What you need to do:
Look in the listing below for the line that has "200x300 cm multicolor patchwork rug", then return it and each following line up to and including the one with "Xi jinping a", exactly and without pictures.
**** Given data
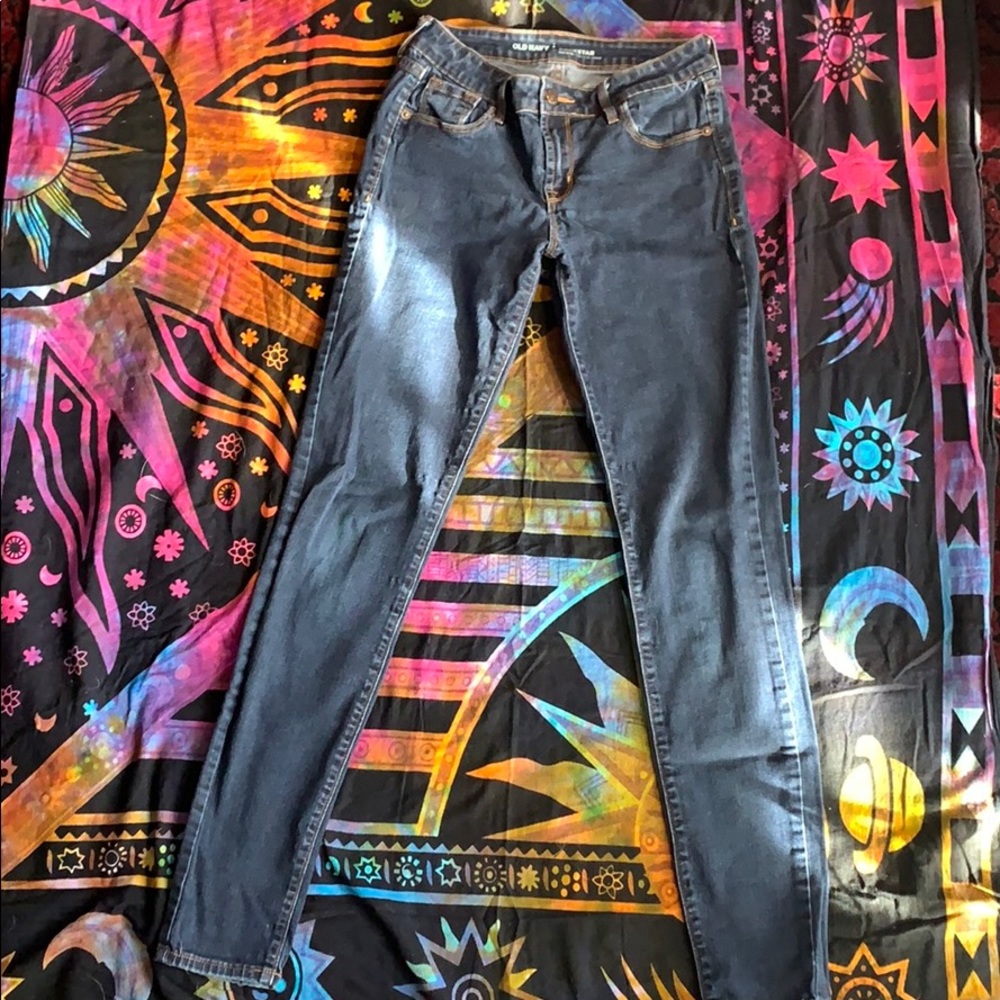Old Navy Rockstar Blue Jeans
********
**** Given data
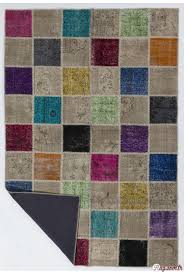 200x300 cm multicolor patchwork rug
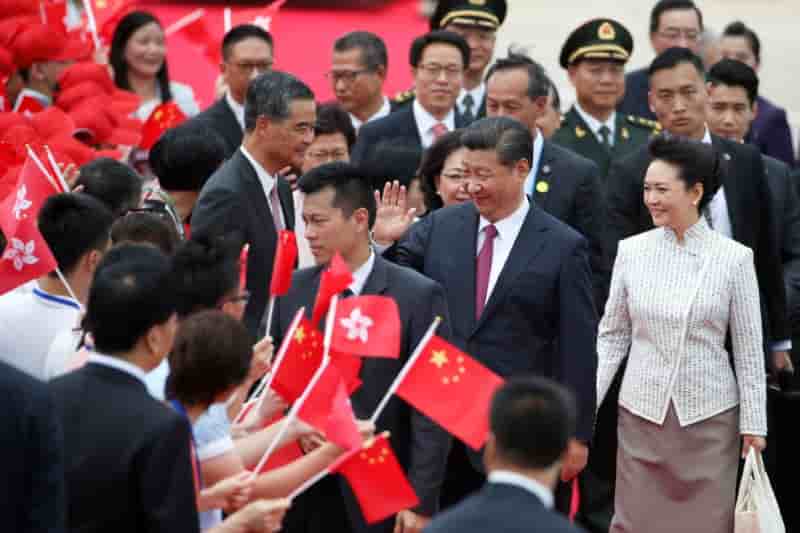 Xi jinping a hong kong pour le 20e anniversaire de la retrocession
********
Solution to the problem:
 200x300 cm multicolor patchwork rug
 Xi jinping a hong kong pour le 20e anniversaire de la retrocession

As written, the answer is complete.